I do some furniture refinishing. And currently doing a bedroom set for a couple. It has a dresser, double bed and mirror. They want the whole thing left plain(clear poly) to show off the maple grain. They also want all the drawers inside and out sealed. She has really bad allergies.
http://s78.photobucket.com/albums/j104/Al_Killian/Refinshed furniture/


----------



## dbhost (Jan 28, 2008)

Guess that's what I get for not measuring Quick Crete. Always dug the hole, poured in a little bit of mix, wet it down, stuck the post in and leveled it with rocks, poured in the rest of the mix, and wet it down until there was a bit of water standing on top. First time in a couple hundred fence posts this has happened...

I guess that is why there are directions on the bag huh?

The shrinkage turned into swellage today though. That post is as tight as can be right now... The rails and pickets are up on this side. The corner at the back is temporary and a funny shape because the back of the fence LEANS into the bayou a little bit. (Yeah I live in the south for sure, I have a Bayou in my back yard!)

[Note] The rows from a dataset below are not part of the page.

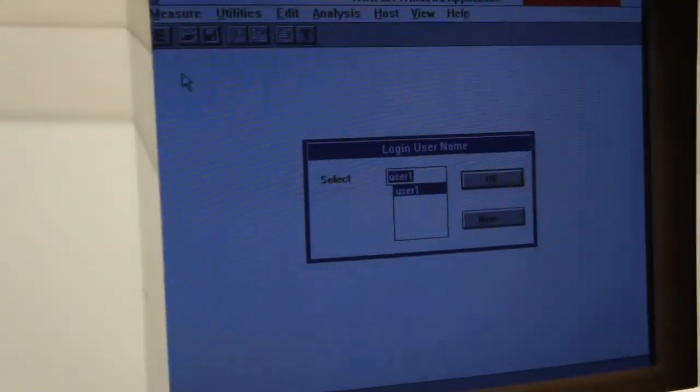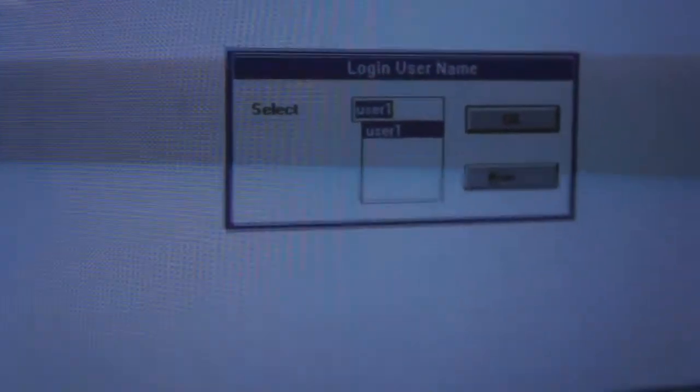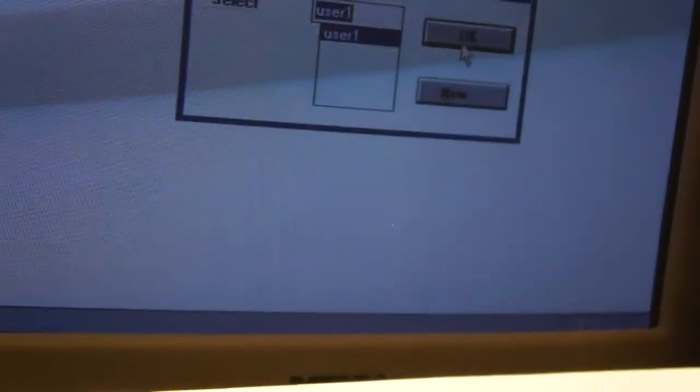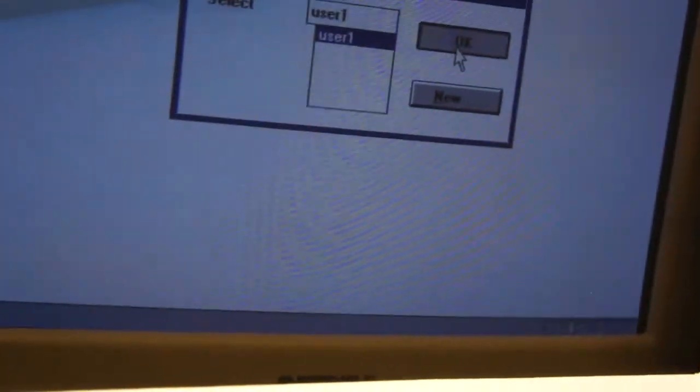Okay, so our tool has fully been initialized. Go ahead and start our user 1. Let's do a quick measurement here.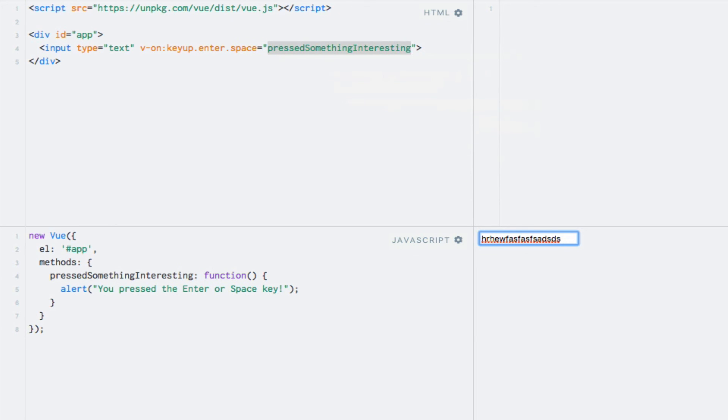So that was just an example of how you can chain key modifiers. And that's all there is to key modifiers.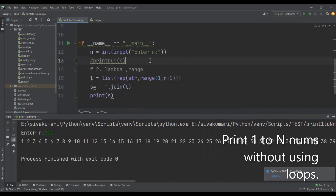So these are the two different ways to print one to n numbers without using loops. Hope you liked my video — if you did, please subscribe and support my channel. Thank you.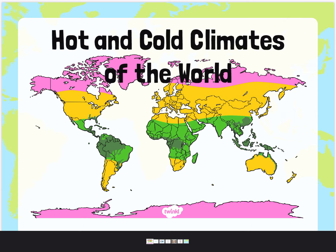Good afternoon Year Ones. I'm going to talk you through your topic lesson for this afternoon and it's going to be based all around hot and cold climates. So you learned about the equator yesterday, and hopefully you remember the closer you are to the equator, the warmer, the hotter that country or continent is. And the further you are away from the equator, the colder that country or continent is.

That one is going to have to wait a little bit. I have to get some more material. Particularly posts and rails. (2x4 and 4x4 pressure treated stuff) the pickets are actually good. Just had a tree grow into the back of the fence and push on it is all...


----------



## huntsman22 (Feb 2, 2008)

This is the project I have been busy with....... A lot of fun roof framing.


----------



## dbhost (Jan 28, 2008)

Well that will make a cute little shack huh? 

I'm afraid to know, is that a house or a hotel you guys are building?


----------



## huntsman22 (Feb 2, 2008)

A house. But it's only a measly 17,000 sq. ft......... For 4 people. The son is a senior that is leaving for college. Here is the latest.


----------



## dbhost (Jan 28, 2008)

Man I wish I had the LAND to stretch my little shack into something like that.

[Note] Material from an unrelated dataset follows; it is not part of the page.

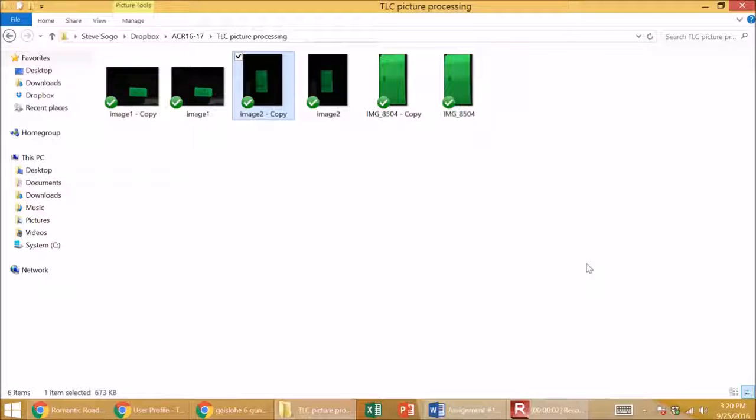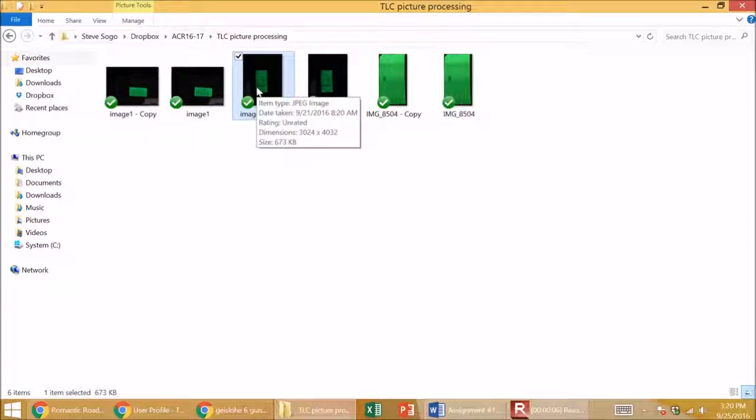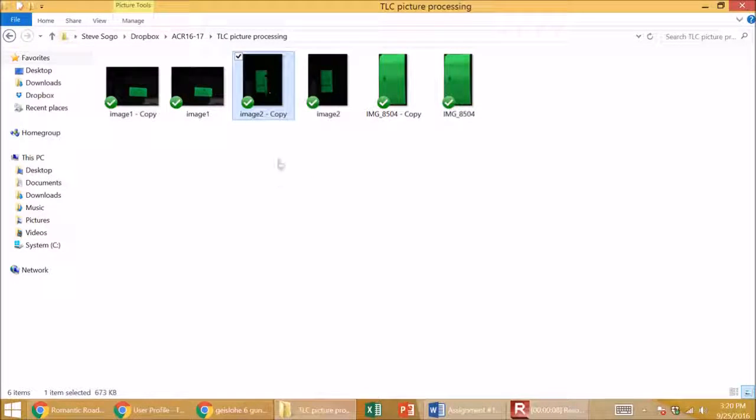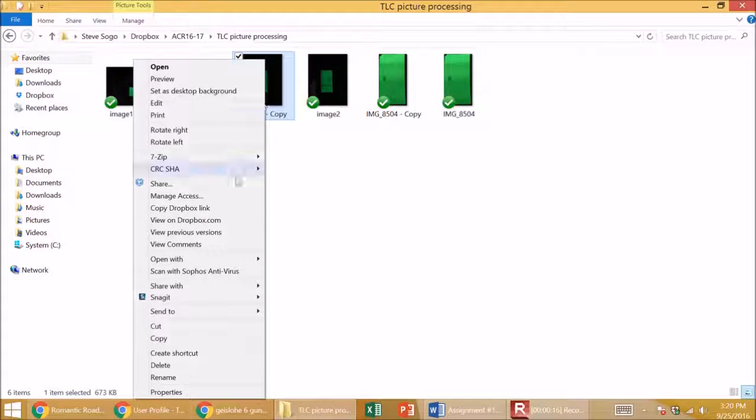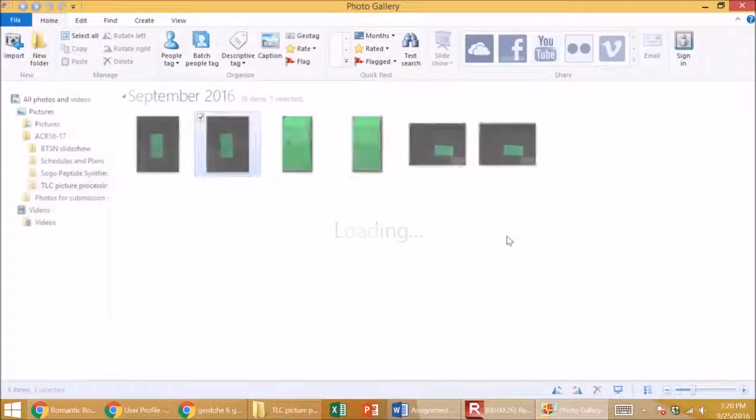I'm going to demonstrate how to process TLC photos that are in color to make them better for printing. Here I have a photo. I will open this with Photo Gallery, that's a Windows program, and I will edit this.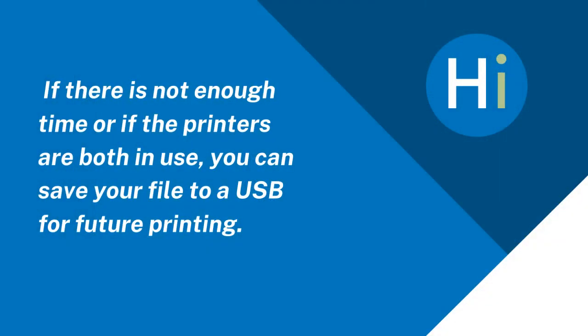If there is not enough time or if the printers are both in use, you can save your file to a USB for future printing.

Oh well, at least I don't have all that white stuff on my roof...


----------



## daryl in nanoose (Feb 18, 2007)

dbhost said:


> Guess that's what I get for not measuring Quick Crete. Always dug the hole, poured in a little bit of mix, wet it down, stuck the post in and leveled it with rocks, poured in the rest of the mix, and wet it down until there was a bit of water standing on top. First time in a couple hundred fence posts this has happened...
> 
> I guess that is why there are directions on the bag huh?
> 
> ...


Sounds like your moving right along :thumbsup: :thumbsup: :thumbsup:


----------



## daryl in nanoose (Feb 18, 2007)

huntsman22 said:


> A house. But it's only a measly 17,000 sq. ft......... For 4 people. The son is a senior that is leaving for college. Here is the latest.

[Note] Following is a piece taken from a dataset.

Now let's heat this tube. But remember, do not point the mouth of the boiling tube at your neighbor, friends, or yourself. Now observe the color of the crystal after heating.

Beautiful work, must be some house:thumbsup:


----------



## daryl in nanoose (Feb 18, 2007)

Al Killian said:


> I do some furniture refinishing. And currently doing a bedroom set for a couple. It has a dresser, double bed and mirror. They want the whole thing left plain(clear poly) to show off the maple grain. They also want all the drawers inside and out sealed. She has really bad allergies.
> http://s78.photobucket.com/albums/j104/Al_Killian/Refinshed furniture/


Sure hope we get to see some pics when you get it all done:smile:


----------



## Al Killian (Aug 14, 2007)

I am hopeing by wensday to finish it up. The dresser is finished and polished. The bed needs on more coat tommrow and it will be done. I will post pics of the fiished peice.


----------



## dbhost (Jan 28, 2008)

Post up pics of that furniture when you get it done...

Yeah, I am clipping along at a fairly good pace. My pickets aren't 100% straight, as the ground slopes back toward the Bayou. And one post is about 3" into my neighbors yard. Prior concrete footings were in the way to put it where it should have gone...

I am about to start on the back most likely next weekend. I am going to recycle the pickets from the original fence though. The ones along the back are in really good shape. I have enough rails, but I will need some new posts as I am kind of prone to breaking them trying to level them up. Kind of a moot point I guess. Trees grow, and the Bayou seems to suck every fence into it eventually...


----------



## daryl in nanoose (Feb 18, 2007)

Well I made it to the shop on Sunday and made a couple of Magnetic boards out of some left over Sheet metal form a reno


----------



## dbhost (Jan 28, 2008)

What, pray tell... is a Reno other than a city in Nevada?


----------



## daryl in nanoose (Feb 18, 2007)

dbhost said:


> What, pray tell... is a Reno other than a city in Nevada?


:laughing: Renovation, sorry had to gigle a little


----------



## LarrySch (Dec 31, 2007)

I was going to ask that same question - about the Reno - I was ready to grab all my nickles. I keep looking at all the shop pictures you have show - and thinking maybe I need to put doors on my tables. I left them all of mine open. 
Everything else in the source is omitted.